Я полагаю, что при взаимодействии с похоронной инфраструктурой реализуется тот же принцип, что и в «литаниях», — преодоление трудностей, то есть инфраструктурной дисфункциональности и сбоев. Образы поломки актуализируются в практиках и разговорах как нечто естественное и даже желанное, и при этом именно преодоление становится центральным элементом похоронного ритуала. Инфраструктурная дисфункциональность в чем-то дублирует предсмертные (и, возможно, посмертные) муки покойника: если близкий человек мучился, то и его родные должны разделить сним трудности, страдая от несовершенства похоронной индустрии. Состояние инфраструктуры становится одним из кодов траурного ритуала, а тело и его перемещение — центральным элементом российских похорон. Дорога приобретает особое значение: тело нужно сопровождать в катафалке, обязательно находиться рядом с ним во время всех тягот и проблем, которые возникают на протяжении всего похоронного процесса.

Почему ремонт становится желанным состоянием для всех:

социологическое обобщение

В заключительной части интерпретации я предлагаю соединить всех акторов вместе и придать моим интерпретациям теоретически осмысленный вид.

Теоретические наработки в области этнографии инфраструктуры демонстрируют ряд нормативных ограничений, которые изрядно усложняют рассмотрение дисфункций как варианта нормы, — здесь и начинаются проблемы с концептуализацией[57]. С одной стороны, «поломка» и «ремонт» предполагают, что объекты бывают двух типов: «рабочими» и «сломанными». Соответственно, функциональное состояние воспринимается как некое «нормальное» состояние, а дисфункциональное — нет.
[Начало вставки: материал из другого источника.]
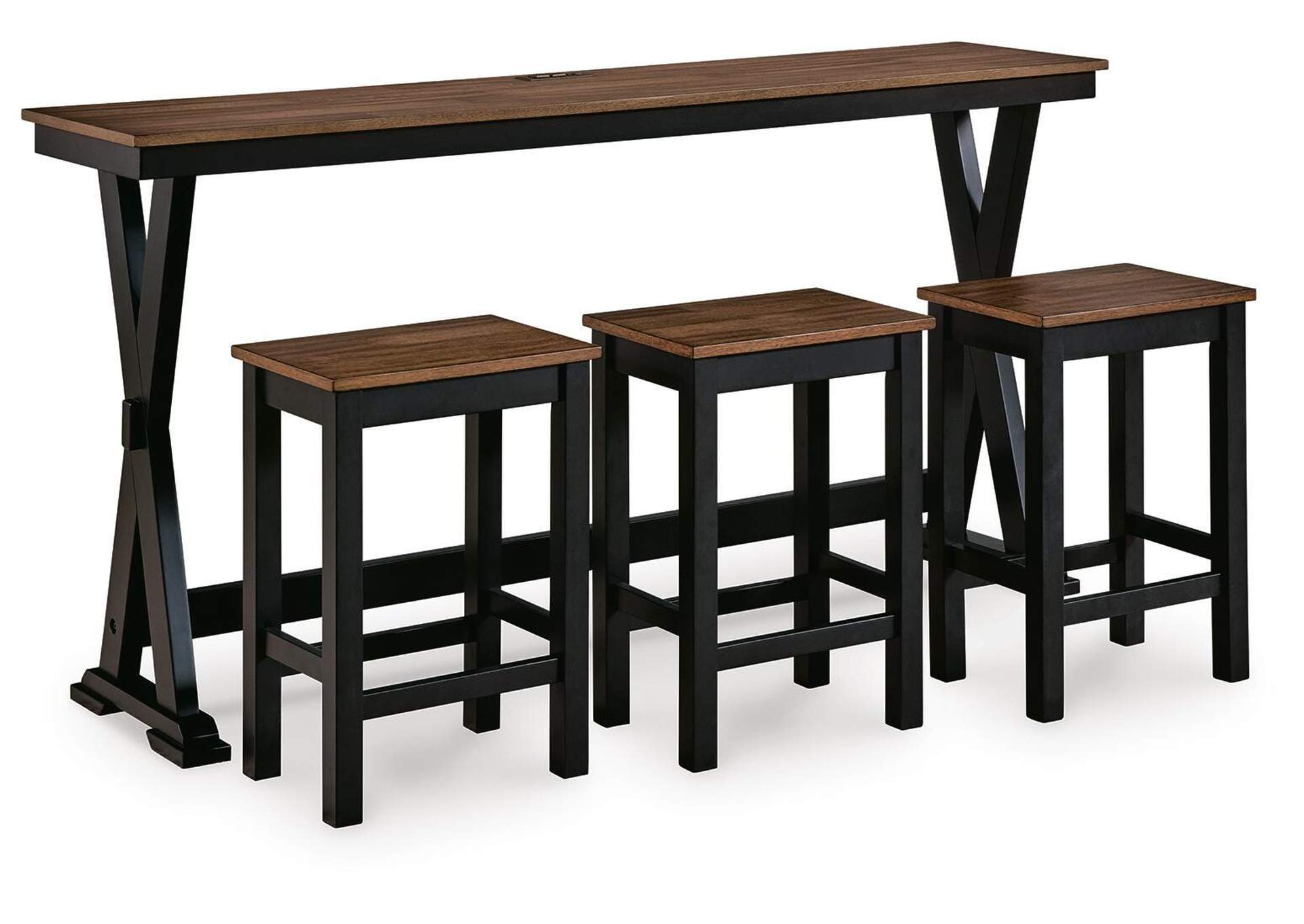 Wildenauer Counter Height Dining Table and 3 Barstools Set image 1
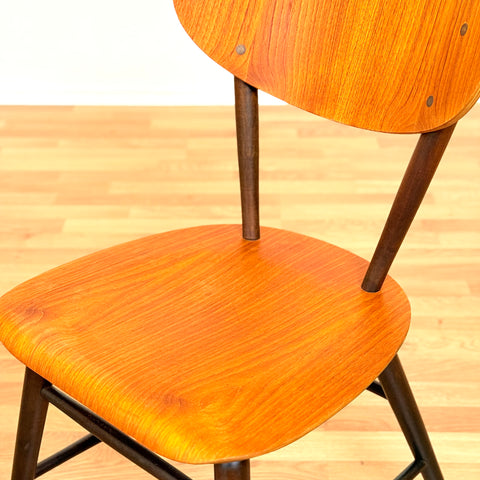 Swedish set of 4 dining chairs in teak by Bröderna Wigells Stolfabrik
С другой стороны, дисфункция якобы всегда требует определенных действий по ее устранению. За аксиому берется утверждение, что социотехнические структуры стремятся к идеальному рабочему состоянию и устранению поломки. Такие системы тяготеют к минимизации рисков выхода из строя, поддерживая функциональность и совершенствуя технический уровень. Социотехнические структуры можно описать как большой муравейник, который в случае повреждений моментально пускает все силы на их устранение[58]. Однако собранный мною полевой материал говорит о другом, и этому есть свое социологическое объяснение.